Let $A$ be a horoball in the hyperbolic disc $B^N$($=\mathbb{H}^N$), with tangent point $p\in S^N$. let $g$ be a conformal (i.e. oriention preserving) isometry of $B^N$.
I know that $g$ transforms hyperbolic balls to hyperbolic balls.
From that I believe I can deduce that $g$ also transforms horoballs to horoballs, right? Because horoball is after all a euclidean ball and therefore a hyperbolic ball.
In particular, if $g(p)=p$ then $g(A)=A$, right?
In the latter case, my intuition says that $g$ must be some sort of clockwise or anti-clockwise rotation towards the base point $p$. This is not very clear to me in that multidimensional case. For simplicity I am thinking of $\mathbb D=\mathbb B^2$ and a horoball at $(1,0)$ which is just a circle tangent at the point $(1,0)$. So I'm thinking that $g$ must be some flow in the direction of this cicle (just moving each point in the clockwise direction, each point in the correct amount so the orientation would be preserved). in particular $|g(x)|=|g^{-1}(x)|$ for $x$ the antipodal point to $(1,0)$ on this horocicle. Is this true at all?
I'm going to give an intrinsic/synthetic answer this question, i.e. an answer that not depend on any model of $\mathbb{H}^n$ (such as the upper half space model), but which instead uses only the intrinsic metric properties of $\mathbb{H}^n$.
Balls and horoballs in $\mathbb{H}^n$ each may be characterized by a metrically invariant property.
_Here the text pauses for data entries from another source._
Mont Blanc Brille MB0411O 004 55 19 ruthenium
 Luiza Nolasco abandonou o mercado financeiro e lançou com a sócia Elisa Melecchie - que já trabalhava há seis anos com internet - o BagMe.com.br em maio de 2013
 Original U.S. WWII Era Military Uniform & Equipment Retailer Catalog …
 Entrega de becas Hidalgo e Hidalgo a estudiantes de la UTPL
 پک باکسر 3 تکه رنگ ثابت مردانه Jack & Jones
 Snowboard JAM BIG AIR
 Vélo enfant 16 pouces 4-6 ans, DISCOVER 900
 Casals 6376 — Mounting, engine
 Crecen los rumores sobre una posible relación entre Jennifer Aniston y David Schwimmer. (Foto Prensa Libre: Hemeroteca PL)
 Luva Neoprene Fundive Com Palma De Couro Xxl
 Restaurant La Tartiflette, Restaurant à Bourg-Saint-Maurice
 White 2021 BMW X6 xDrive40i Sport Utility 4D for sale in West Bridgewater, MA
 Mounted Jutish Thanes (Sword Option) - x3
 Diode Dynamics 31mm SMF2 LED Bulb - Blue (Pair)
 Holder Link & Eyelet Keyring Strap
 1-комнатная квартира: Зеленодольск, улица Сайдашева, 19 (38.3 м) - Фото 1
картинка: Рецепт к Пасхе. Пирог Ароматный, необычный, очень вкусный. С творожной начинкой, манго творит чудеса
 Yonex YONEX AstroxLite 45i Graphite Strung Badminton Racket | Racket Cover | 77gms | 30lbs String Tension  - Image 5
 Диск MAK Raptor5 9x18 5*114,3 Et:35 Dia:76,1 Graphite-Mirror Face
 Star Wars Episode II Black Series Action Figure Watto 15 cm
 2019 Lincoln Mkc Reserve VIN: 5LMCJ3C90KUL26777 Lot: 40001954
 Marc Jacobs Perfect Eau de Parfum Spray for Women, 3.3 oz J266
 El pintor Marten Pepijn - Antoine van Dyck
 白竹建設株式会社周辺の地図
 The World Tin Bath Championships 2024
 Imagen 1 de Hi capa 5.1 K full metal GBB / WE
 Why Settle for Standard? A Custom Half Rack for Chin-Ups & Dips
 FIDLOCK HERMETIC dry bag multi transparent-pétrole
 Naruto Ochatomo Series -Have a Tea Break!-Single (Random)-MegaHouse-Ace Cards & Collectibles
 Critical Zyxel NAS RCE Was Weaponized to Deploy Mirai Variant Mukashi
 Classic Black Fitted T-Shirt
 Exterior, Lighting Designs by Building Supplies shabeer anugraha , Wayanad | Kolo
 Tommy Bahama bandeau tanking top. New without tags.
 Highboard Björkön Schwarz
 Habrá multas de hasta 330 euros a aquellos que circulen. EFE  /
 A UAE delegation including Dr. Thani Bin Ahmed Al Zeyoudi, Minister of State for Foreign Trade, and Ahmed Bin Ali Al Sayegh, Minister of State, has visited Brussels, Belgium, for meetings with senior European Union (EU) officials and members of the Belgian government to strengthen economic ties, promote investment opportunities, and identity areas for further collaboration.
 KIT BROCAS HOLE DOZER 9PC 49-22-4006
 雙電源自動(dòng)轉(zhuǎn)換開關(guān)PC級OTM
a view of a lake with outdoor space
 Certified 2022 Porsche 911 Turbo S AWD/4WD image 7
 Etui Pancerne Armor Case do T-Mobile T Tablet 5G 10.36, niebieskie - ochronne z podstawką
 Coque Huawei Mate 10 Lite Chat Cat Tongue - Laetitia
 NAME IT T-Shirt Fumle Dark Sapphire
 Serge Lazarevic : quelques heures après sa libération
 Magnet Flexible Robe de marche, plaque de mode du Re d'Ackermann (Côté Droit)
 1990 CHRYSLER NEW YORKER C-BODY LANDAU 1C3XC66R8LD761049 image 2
For balls, the metrically invariant property is simply the definition: $B \subset \mathbb{H}^n$ is a ball if and only if there exists $p \in \mathbb{H}^n$ and $r > 0$ such that $$B = \{q \in \mathbb{H}^n \,\bigm|\, d(p,q) \le r\} $$ This ball $B$ is denoted $B(q,r)$. (I'm doing closed balls, of course). From the fact that this definition is evidently invariant under isometries, it follows that if $B$ is a ball and $g$ is an isometry then $g(B)$ is a ball.
So far, so good.
In order to characterize horoballs by a metrically invariant property, we will need to use the above characterization of balls, but we'll need one more preliminary thing, namely a metrically invariant property that characterizes rays: a subset $R \subset \mathbb{H}^n$ is a ray if and only if there exists a finite geodesic segment $[a,b] \subset \mathbb{H}^n$ such that $R$ is the union of all finite geodesic segments $[a,c]$ such that $[a,b] \subset [a,c]$. This ray $R$ will be denoted $\vec{ab}$.
Now we're ready for the metrically invariant property that characterizes horoballs: a subset $H \subset \mathbb{H}^n$ is a horoball if and only if there exists a ray $\vec{ab}$ such that $H$ is the closure of the union of all balls $B = B(q,r)$ such that $q \in \vec{ab} - \{a\}$ and $r = d(a,q)$.
To summarize, since horoballs are characterized by a metrically invariant property, for every horoball $H$ and every isometry $g$ the image $g(H)$ is also a horoball.